Perhaps the biggest change that saw a surge in the player base was a combination of allowing players to queue up as solos or duos for matchmaking (the mode previously required you to form a full fireteam of three people), as well as changing the rewards structure to incentivize continued play regardless of losses. Wins are still what grants the best rewards—and playing out a 7-win Flawless card is still the pinnacle of the activity—but there are far fewer gates along the way. A healthy population is imperative to better matchmaking and more competitive matches overall, so just getting more players into the mode was the first step. “Solo players are a key to the entire system working,” Bungie said in its latest TWAB.
Bungie followed that up with a controversial change last weekend, which put players who had gone Flawless into a special matchmaking pool of other Flawless players. This was meant to serve a couple of purposes, first to make those matches more competitive for those top-tier players, and second to help the players who hadn’t gone flawless yet, preventing them from quickly hitting walls early in their cards against other Flawless players. While the change was met with a very vocal outcry, Bungie’s numbers showed that the Flawless matchmaking pool served it’s purpose for the most part. However, there are still some numbers that Bungie isn’t quite satisfied with.
Destiny 2 Trials of Osiris -The Numbers, and What They Mean
One of the key factors Bungie is looking at is “blowout games,” that is to say the matches that end with one team winning five rounds while the other wins at most a single round, or often no rounds. Bungie considers these “non-competitive” matches, and for a mode designed to be the pinnacle competitive activity, they need these to be a bit more rare. In the first week, matchmaking was quite off, with a staggering 60% of matches ending in blowouts. The new Flawless matchmaking preferences in Week 2 sent this number a bit lower, down to 52%, thought Bungie says the goal is to tailor matchmaking to where this total number is between 30-40%.

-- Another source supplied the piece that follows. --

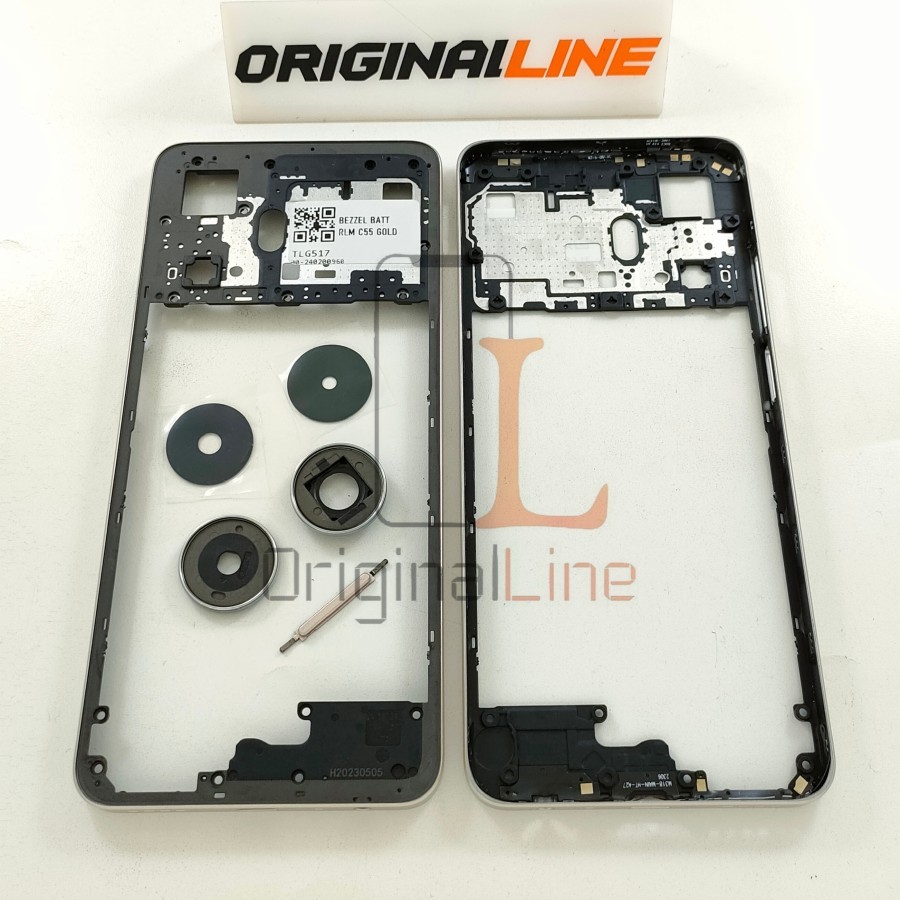 BEZZEL BATT REALME C55 / TUTUP MESIN / BEZZEL FRAME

All in all, however, the changes that had many top-tier Destiny 2 players rather vocal online didn’t see a sharp overall drop in player numbers. Week 2 featured over 700k players in Trials, only 50k players less than Week 1. Bungie admits this was higher than expected, given it was the second week following the return, had some seemingly unpopular changes, and was a less popular map generally. However, the number they weren’t satisfied with in Week 2 was the very sharp dip in Flawless players who took non-Flawless friends to the Lighthouse, an enormous drop from 56% in the first week to just 16% in the second. Bungie says this “is unacceptably low for ‘friendgame’ content.”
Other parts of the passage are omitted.